Per questa calda estate milanese il teatro alla Scala ha scelto di regalarci una rappresentazione fresca e decisamente interessante sotto molti punti di vista, mettendo in scena un insolito dittico: Prima la musica e poi le parole, di Antonio Salieri, e Gianni Schicchi, di Giacomo Puccini.
Due opere che, seppur separate da un abisso temporale, musicale e stilistico, in un certo senso si sposano: a metà tra il serio e il buffo, disegnano un fil rouge che accompagna gli spettatori in modo piacevolmente sorprendente.
Il dittico rientra nel Progetto Accademia e mette in scena gli allievi della scuola scaligera, assieme a grandi nomi del panorama internazionale, in un mix che in questo caso si può dire davvero ben riuscito.

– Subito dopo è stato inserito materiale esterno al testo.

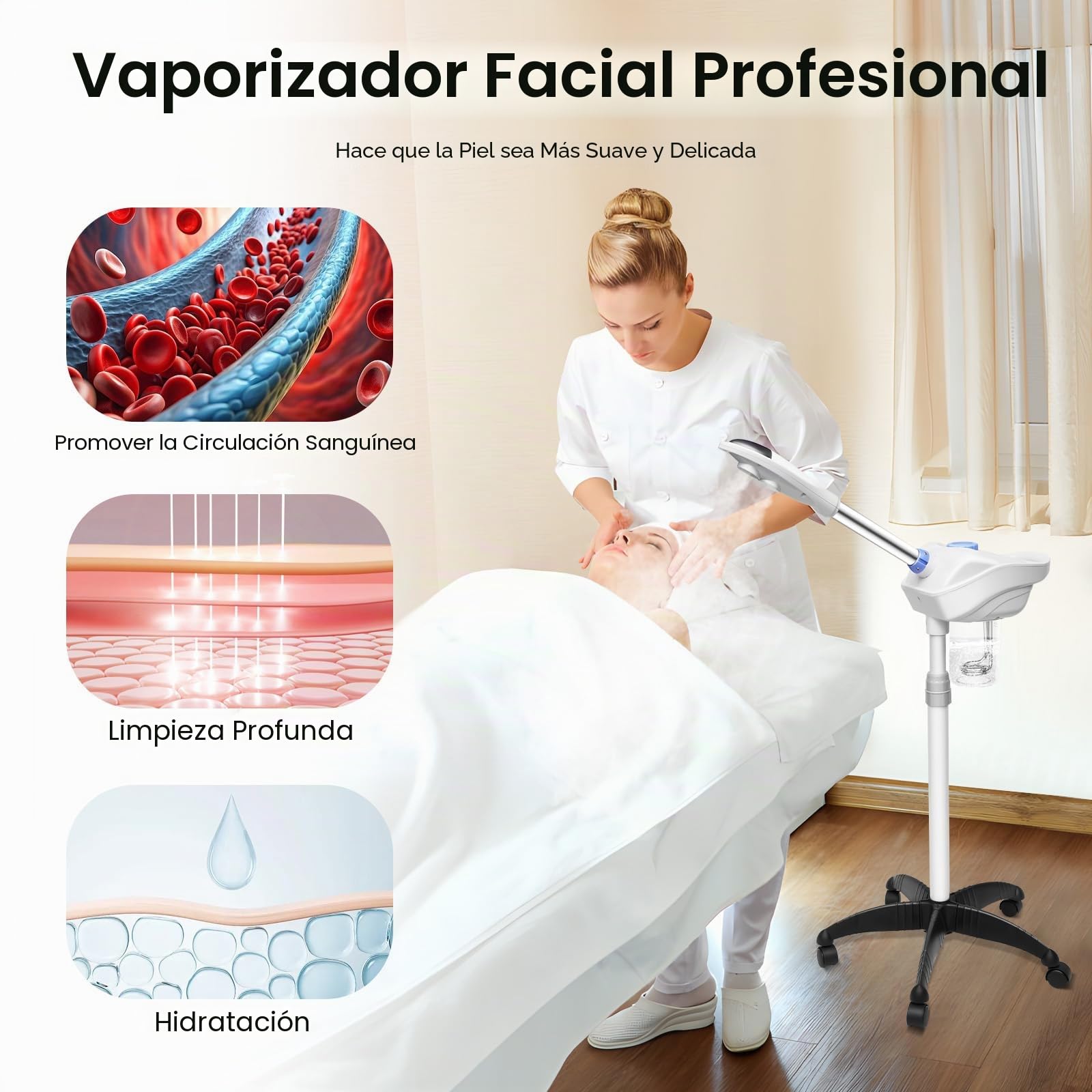 Vaporizador facial 2 en 1 de TuliperMood, vaporizador facial de ozono, 750 W, cosmético, altura ajustable, para salón de belleza, spa, casa, blanco, hidratante, antiacné, desintoxicante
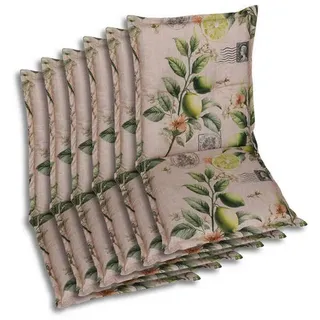Sesselauflagenset, Gelb, Grün, Sand, Textil, 6-teilig, Zitronen, Füllung: Schaumstoff, Vlies, 50x7x100 cm, Oeko-Tex® Standard 100, pflegeleicht, hochwertige Qualität, langlebig, für den Außenbereich geeignet, mittels Bändern zu befestigen, Gurtband befestigen, Outdoor-Kissen, Gartenstuhlauflagen, Niedriglehner-Auflagen
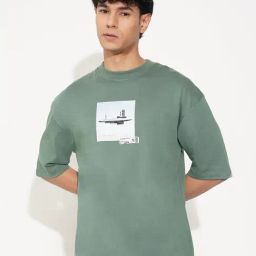 Sf Jeans By Pantaloons Fresh Green Relaxed Fit Printed T-Shirt-picture-36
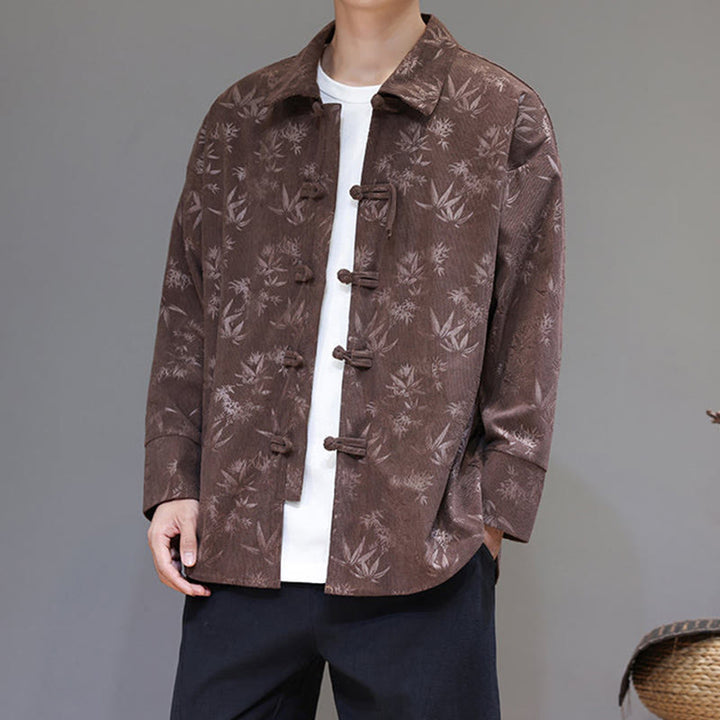Buddha Stonesジャカードの葉柄カエルボタン長袖メンズコットンタンスーツジャケット - image 29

Ma andiamo con ordine: Salieri, in questa opera buffa di un atto compie una sorta di auto-caricatura del mondo operistico, che si può comprendere fino in fondo solo se ci si cala nello spirito del tempo, quando il teatro era l’unico media di successo per una società che segnava l’ineluttabile decadenza della nobiltà europea, sullo sfondo delle vicende ma di certo non assente.

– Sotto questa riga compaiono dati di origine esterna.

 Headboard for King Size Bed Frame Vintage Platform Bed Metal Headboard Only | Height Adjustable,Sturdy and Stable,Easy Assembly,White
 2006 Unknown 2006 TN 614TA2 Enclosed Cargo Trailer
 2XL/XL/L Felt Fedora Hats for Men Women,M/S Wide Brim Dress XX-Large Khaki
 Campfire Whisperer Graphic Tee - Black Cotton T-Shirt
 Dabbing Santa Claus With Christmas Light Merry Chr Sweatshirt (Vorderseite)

Un’opera che parla di opera, calata nella contemporaneità del ‘700, dove la diva non era altro che la cantante sulla cresta dell’onda, qui non a caso rappresentata nella duplice figura della drammatica e della seria; in realtà uno sfottò che diventa universale se si considerano anche i due personaggi maschili: il poeta e il compositore.
Ad interpretare quest’ultimo un Ambrogio Maestri in ottima forma, sia dal punto di vista vocale che dal punto di vista dell’interpretazione, affiancato da quella che sarà sicuramente una promessa, Ramiro Maturana, nel ruolo del poeta, oltre che da una bravissima Donna Eleonora (Anna-Doris Capitelli) e una meno convincente ma comunque apprezzabile Tomina (Francesca Pia Vitale).
La regia è affidata a Grisha Asagaroff, che per la verità non propone niente di così originale, ma tira le fila del discorso in modo leggero e godibile, grazie anche alle scene di Luigi Perego, che disegna un ambiente aperto, dove gli elementi scenici fanno da contorno alla bravura dei cantanti in scena.
Per Gianni Schicchi, invece, avevamo delle aspettative che non sono state deluse, visto il nome altisonante del regista: Woody Allen, il quale riesce a tradurre il suo stile peculiare nell’opera di Puccini, pur senza snaturarne il libretto, ma piuttosto rinfrescando le note del maestro toscano con un tocco di Broadway e un prevedibile (ma piacevole) approccio cinematografico.
Molto belle anche le scene di Santo Loquasto, che disegna un ambiente ricco di particolari, ma funzionale ai movimenti dei personaggi.
Anche in questo caso Ambrogio Maestri, nel ruolo dello Schicchi, ci regala momenti epici – senza esagerare – aiutato dagli allievi dell’accademia: tutti parimenti all’altezza della situazione.
Adam Fisher si è rivelato ancora una volta un direttore duttile e preciso negli equilibri, pur muovendo la bacchetta attraverso due stili completamente diversi.
Applausi sentiti del pubblico a fine spettacolo, in particolare per Maesti, che porta a casa un indubbio successo personale.